Appellant Louis Catarro appeals from an order of the District Court denying his
motion for a judgment of acquittal and/or a new trial following his conviction for
*
This disposition is not an opinion of the full Court and pursuant to I.O.P. 5.7
does not constitute binding precedent.
conspiracy to commit wire fraud and conspiracy to commit money laundering. For the
reasons set forth below, we will affirm.
I
Because we write solely for the benefit of the parties, we will recite only the
factual and procedural history as is necessary for this opinion.
Louis Catarro, a licensed real estate agent in Wildwood, New Jersey, was indicted
in connection with an alleged scheme to inflate property prices on mortgage applications
by tens of thousands of dollars, unbeknownst to the lenders, in order to pay “kickbacks”

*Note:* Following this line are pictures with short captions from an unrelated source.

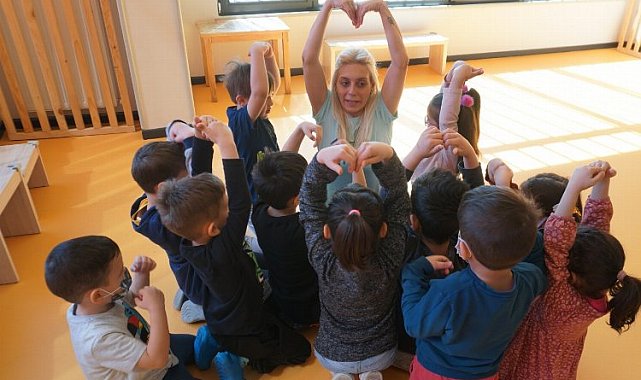 Kocaeli İzmit Çınar Çocuk Evi'nde yoga eğitimi başladı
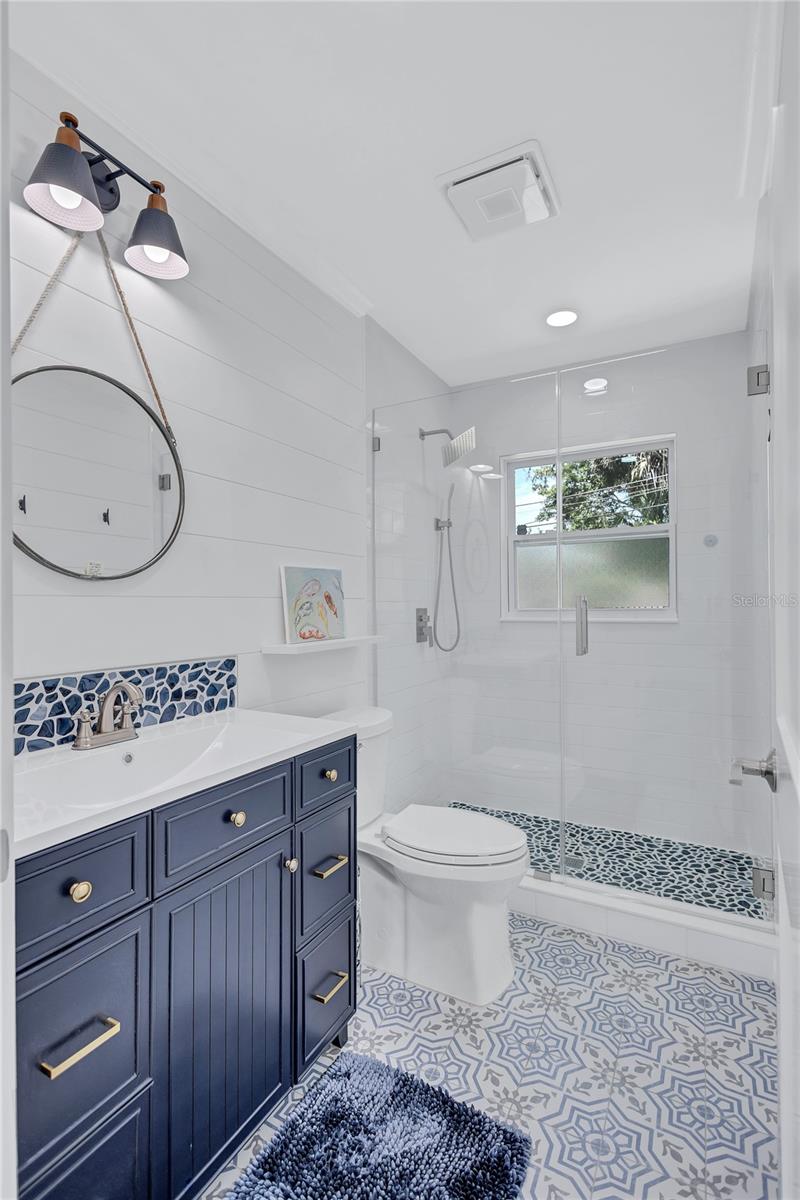 Image 24 of 41 For 4321 Sunrise Drive S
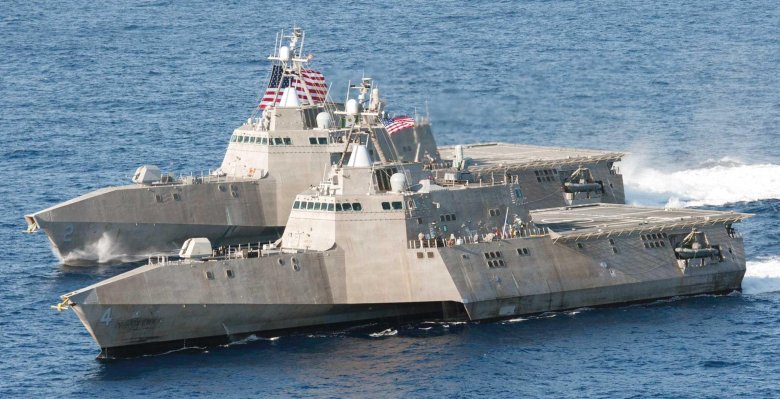 Американский боевой корабль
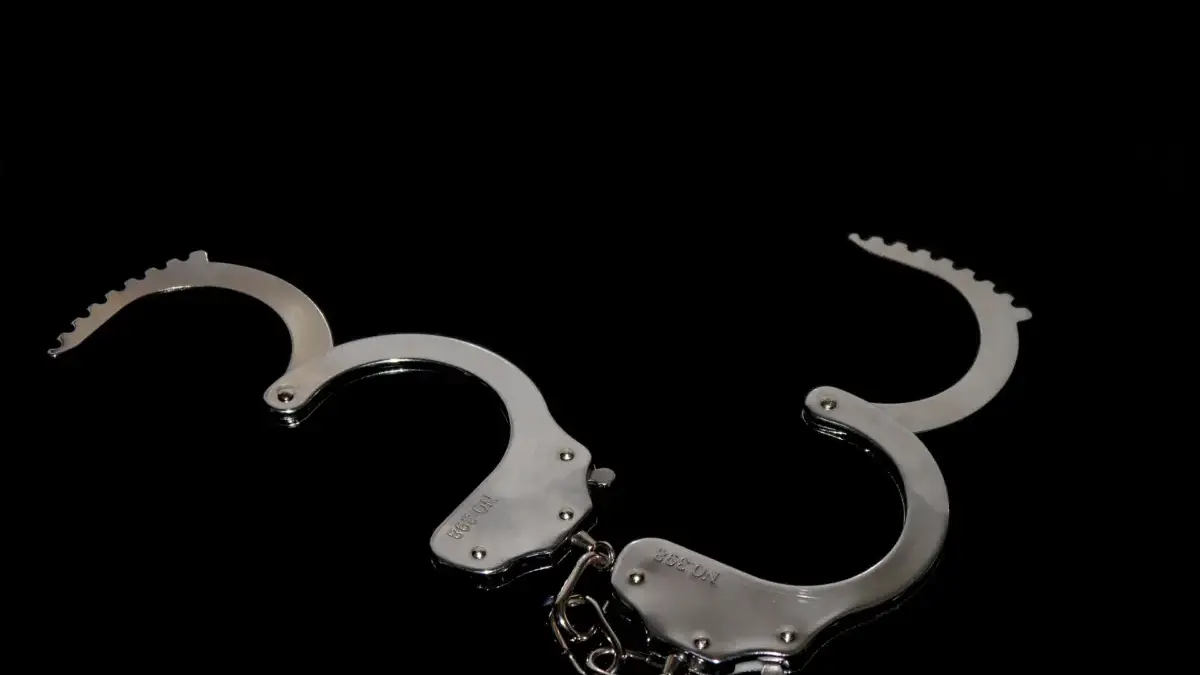 Warga Kampung Cebong menggagalkan aksi tawuran pelajar di Kedungwaringin, Bekasi.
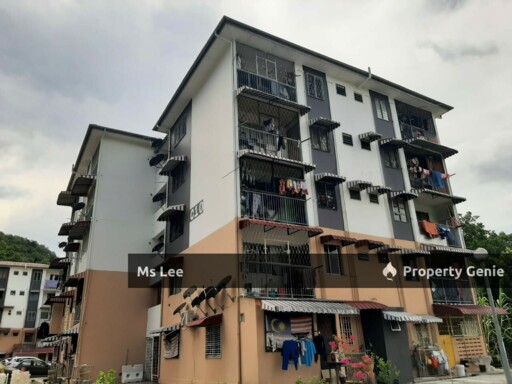 Seksyen 4 @ Wangsa Maju-LRT-Block C10 3rd floor-Sale Below Bank Value Rm30k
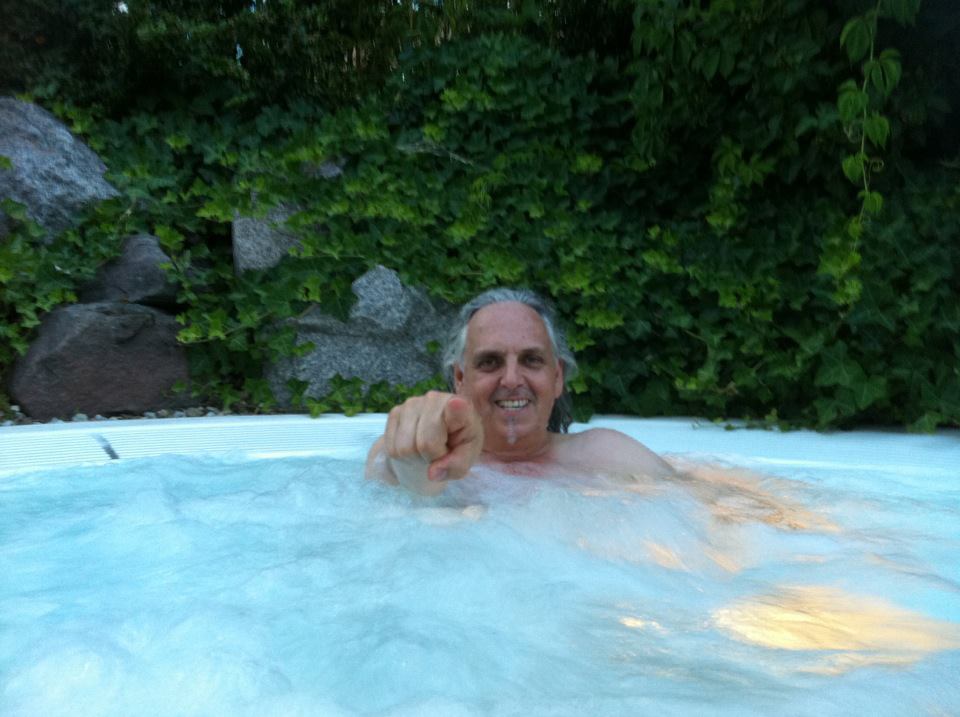 Ernst Crameri beim testen des Whirlpools Ernst Crameri beim testen des Whirlpools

to buyers outside of closing. During the relevant period, Catarro owned a ten percent
share of Blue Ocean Realty with co-defendant Frederic DiAntonio. In 2005, Catarro was
approached by mortgage broker, John Lucidi, who wanted to establish a business
relationship with Blue Ocean. By mid-2006, Lucidi was operating an office out of Blue
Ocean’s building.
Sometime in 2006, Catarro became the real estate agent representing buyers of
condominiums from real estate developer Jack Gartner. Like many real estate developers
at the time, Gartner was experiencing the impacts of the downturn in the housing market.
He agreed to give cash back to buyers at closing in order to sell his condominiums.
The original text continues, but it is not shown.